Kepala BNPB, kepala BPBD, serta gubernur dan bupati/wali kota juga diminta untuk menyederhanakan regulasi ini.
Sementara itu, Kepala BNPB Suharyanto menjelaskan, Rakornas BNPB 2023 dihadiri lebih dari 4.000 peserta, antara lain gubernur, bupati/wali kota, serta jajaran forkompimda provinsi, kabupaten, dan kota. Hadir pula utusan negara sahabat, organisasi masyarakat, dan sukarelawan penanggulangan bencana.

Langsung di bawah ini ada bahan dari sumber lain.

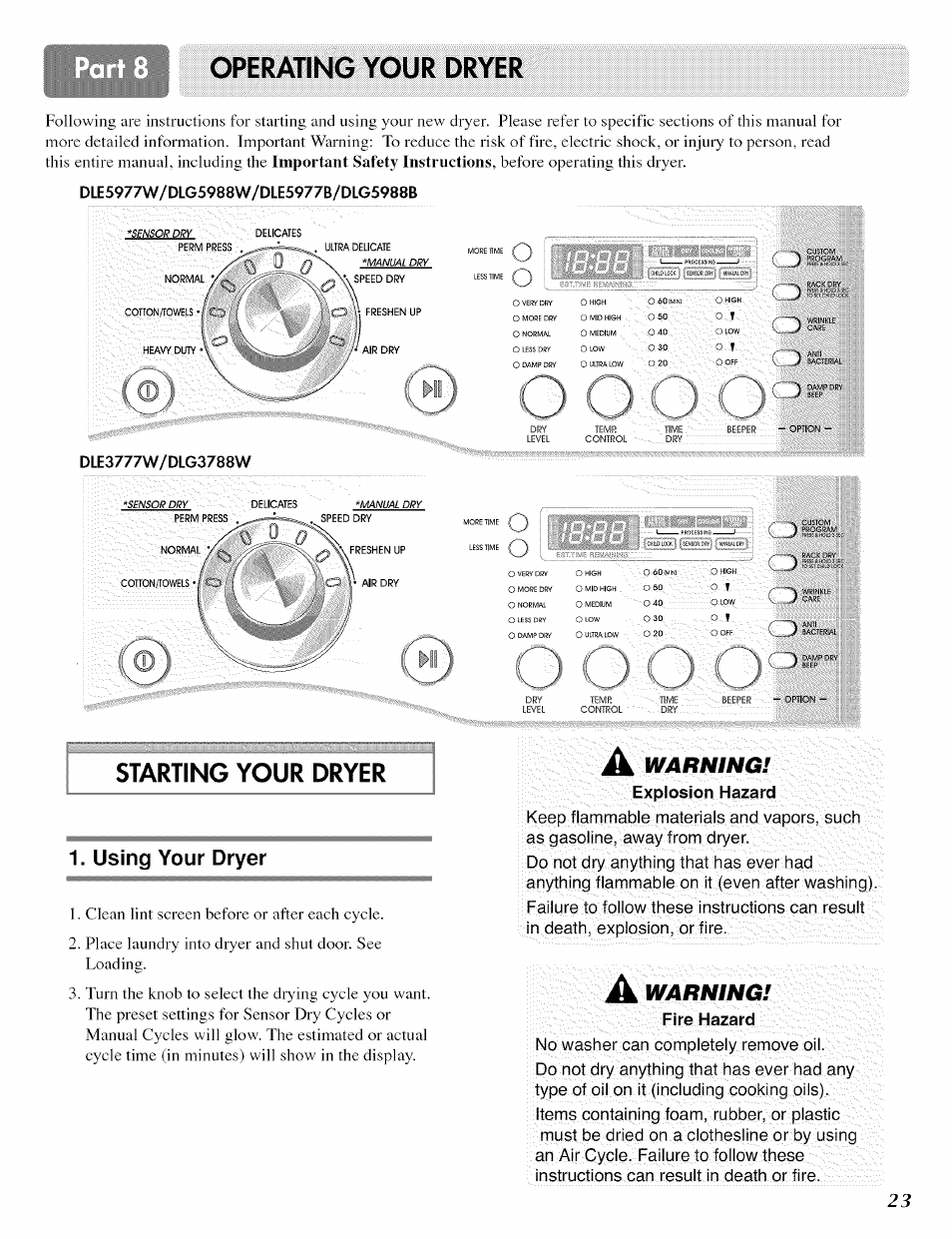Explosion hazard, Fire hazard, Operating your dryer | Starting your dryer, Using your dryer, Warning | LG ELECTRIC AND GAS DRYER D 5988W User Manual | Page 23 / 32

Sepanjang 2022, terjadi 3.544 bencana alam di Indonesia. Bencana ini terdiri dari 28 gempa bumi, 1 erupsi gunung berapi, 1.531 banjir, 1.068 cuaca ekstrem, 634 tanah longsor, 252 kebakaran hutan dan lahan, 26 gelombang pasang dan abrasi, serta 4 kekeringan.
Bencana pada 2022 umumnya (91,96 persen) merupakan bencana hidrometeorologi basah, seperti banjir, longsor, dan angin kencang. Sementara itu, 7,22 persen merupakan bencana hidrometerologi kering dan 0,82 persen bencana geologi, seperti gempa bumi.
Kendati jumlah kejadian bencana geologi relatif sedikit, dampaknya besar, jumlah korban banyak, serta kerusakan infrastruktur jauh lebih berat. Oleh karena itu, pemetaan sesar-sesar darat, khususnya di daerah padat penduduk, menjadi penting. Kejadian di masa lalu juga menjadi acuan. Pada tahun 2023, menurut Suharyanto, diperlukan antisipasi bencana hidrometeorologi kering yang diperkirakan meningkat.
Rakornas juga dilangsungkan bersamaan dengan pameran industrialisasi kebencanaan Indonesia. Pameran ini diharapkan menginisiasi inovasi alat teknologi kebencanaan dalam negeri yang sesuai dengan karakteristik bencana di Indonesia.